ここが、いつから無料になったのかは知らないが、栗山方面に出るには便利になった。
まずは、霧降の滝へ寄ってみる。無料駐車場に車を止め、展望台まで歩く。
展望台からの眺めは遠望なので、いまいち、2,3枚撮って、滝下までの道を探る。
滝壺までの道は、現在通行禁止らしいが、まあ、滝を目指すわれわれには、あまり意味がない。自己責任で行くしかないだろう。
遊歩道の途中から、明確な、踏み跡があったので、降りてみる。
途中小さな展望台があり、ここまでは、一般観光客も比較的安心して来れそうだ。

ここからは急な下りになり、両手を使わないと危ない、最後は踏み跡も不明確になるが、ガレ場を降りて、滝下に着いた。

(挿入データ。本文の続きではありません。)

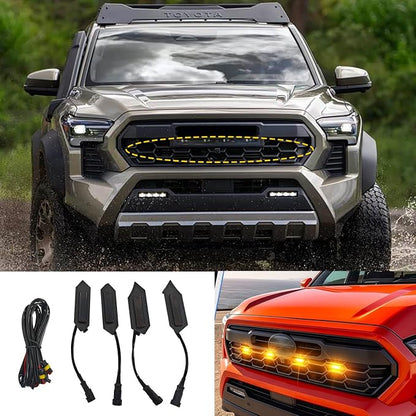 for Toyota Tacoma TRD Sport/Off Road/PreRunner 2024-2026 Front Grille LED Light Amber Light 4pcs Car Accessories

眼前に迫る霧降の滝は優雅だ。滑が多いのと滝音がしないので、歩き廻れる。
登りの途中、茸取りだろうか、地元の老人に会った。
”昔は、滝まで降り、滑り台のようにして、良く遊んだものだ”、とおっしゃっていた。
車に戻り、霧降高原道路を走る。出口にある、大笹牧場で一休憩。
名物とやらの、ソフトクリームを食べ、時間調整しながら、旧栗山へ下る。
まずは、冷たいビールを調達しなければならない。
旧道へ行くと、すぐに酒屋があった、時間が早いので、買うのは後にし、先に、三沢出会いまで偵察に行ってみる。
ダムサイトの旧道から、国道に入り、2KMほど走ると開運橋がある。橋を渡り、左折すると、すぐに三沢橋だ。
橋の横に旧道があったので、入って見ると、ちょっとした広場になっていて、今宵の宿にするには最適だ。
しばらく高校野球を聞きながら時間をつぶし、再び、街中の酒屋にいき、ビールを買う。
三沢左岸の広場に戻り、早速、河原の石の上で喉を潤す。
三沢の水は結構冷たいので、ここで冷やしておくと、30分もすれば、十分飲めるだろう。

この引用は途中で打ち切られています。